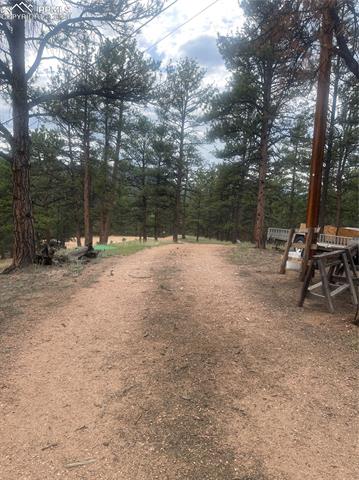 MLS Image for 110  Wallace  ,Florissant, Colorado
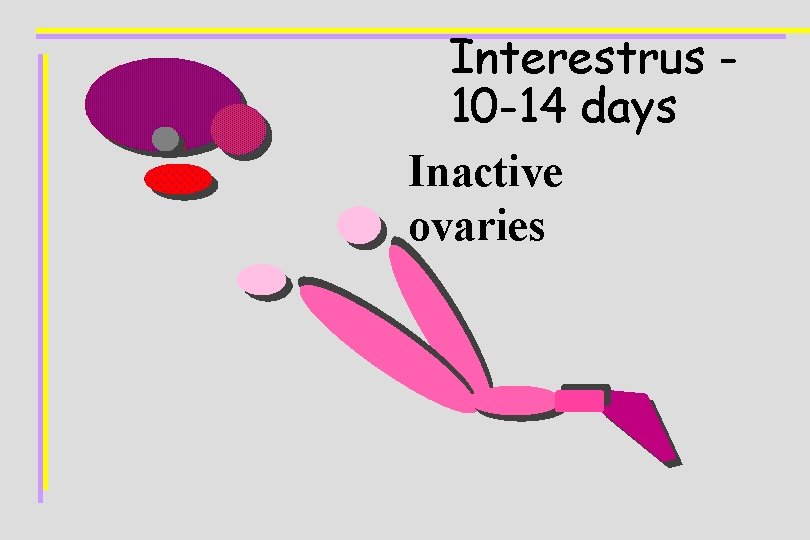 Interestrus 10 -14 days Inactive ovaries 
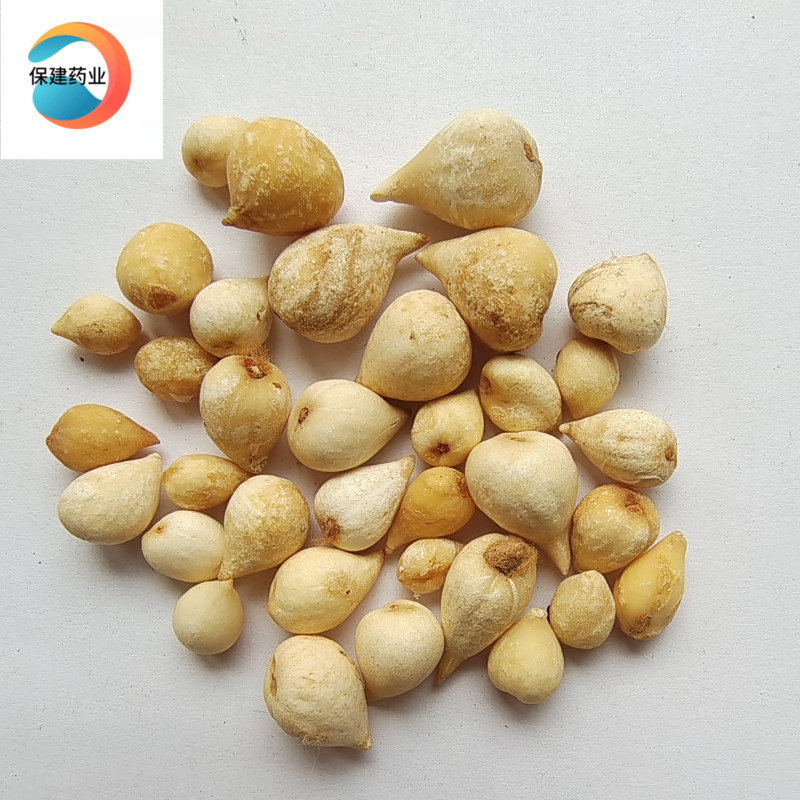 光慈菇光山慈菇山慈菇冰球子正品货好价优产地云南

*Work instructions*. Output the data above without changes, apart from leaving out the pictures.

*Reply to the task*.
 MLS Image for 110  Wallace  ,Florissant, Colorado
 Interestrus 10 -14 days Inactive ovaries 
 光慈菇光山慈菇山慈菇冰球子正品货好价优产地云南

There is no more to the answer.